Troubleshooting Kubernetes DNS and Service Networking

There’s an old SRE joke that whatever the outage is, it’s always DNS. In Kubernetes it’s true more often than anywhere else, because service discovery is DNS — every time a pod talks to a Service by name, CoreDNS resolves it. When that breaks, everything breaks at once, in ways that look like a hundred different problems.

Here’s the systematic way I debug Kubernetes DNS and service networking, so you stop guessing and start eliminating.

Know the name resolution path first

When a pod resolves api.payments.svc.cluster.local, here’s what happens:

The pod’s /etc/resolv.conf points at the cluster DNS Service IP (usually 10.96.0.10).
That Service routes to a CoreDNS pod.
CoreDNS answers cluster names from its plugin chain and forwards everything else upstream.
The returned ClusterIP is then handled by kube-proxy (iptables/IPVS) or your CNI, which load-balances to a backend pod.

Two completely different systems — DNS resolution and Service routing — and “I can’t reach the service” could be either.

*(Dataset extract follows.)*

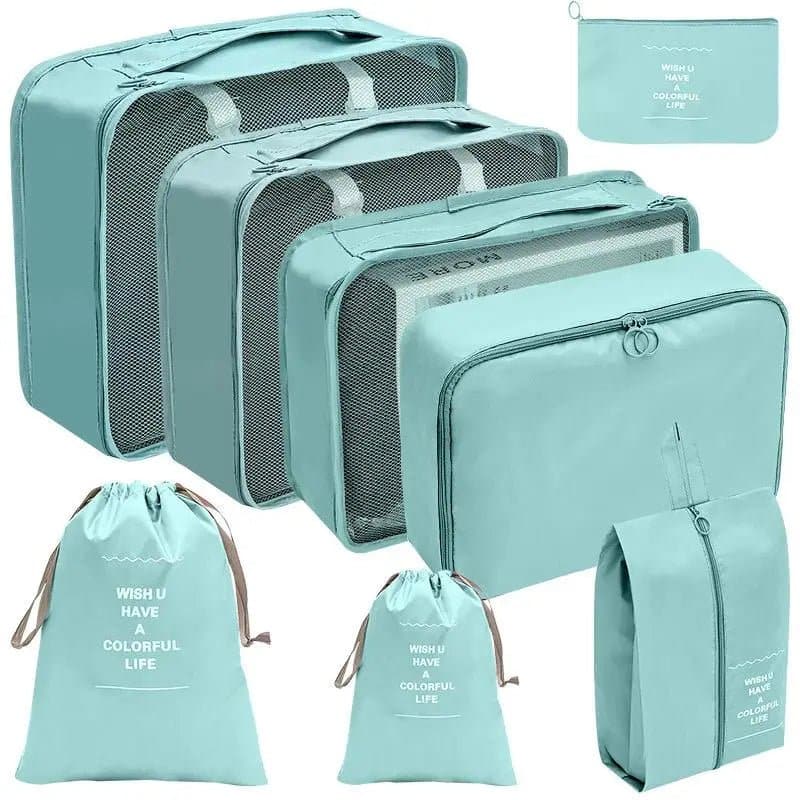 Travel Luggage Packing Bags 7/8/9/10 Pcs Set - Wandering Woman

Your first job is figuring out which.

Split the problem: name vs. route

Exec into a pod and test both halves separately:

# Half 1: does the name resolve?
kubectl exec -it mypod -- nslookup api.payments.svc.cluster.local

# Half 2: does the IP route to a backend?
kubectl exec -it mypod -- nc -zv 10.96.45.12 80

If resolution fails, it’s a DNS problem. If resolution works but the connection hangs or refuses, it’s a Service/endpoint/network problem. This single split saves you from chasing CoreDNS when the real issue is an empty endpoints list.

DNS side: check CoreDNS

If names won’t resolve:

kubectl get pods -n kube-system -l k8s-app=kube-dns
kubectl logs -n kube-system -l k8s-app=kube-dns --tail=50

Look for CrashLoops or SERVFAIL. The classic CoreDNS failures:

CoreDNS pods crashing — often an OOMKill under high query load, or a bad Corefile edit.
Upstream loop — Loop ... detected in the logs means CoreDNS is forwarding to itself, usually a node resolv.conf pointing back at the cluster.
NXDOMAIN for external names — the forward plugin’s upstream is unreachable.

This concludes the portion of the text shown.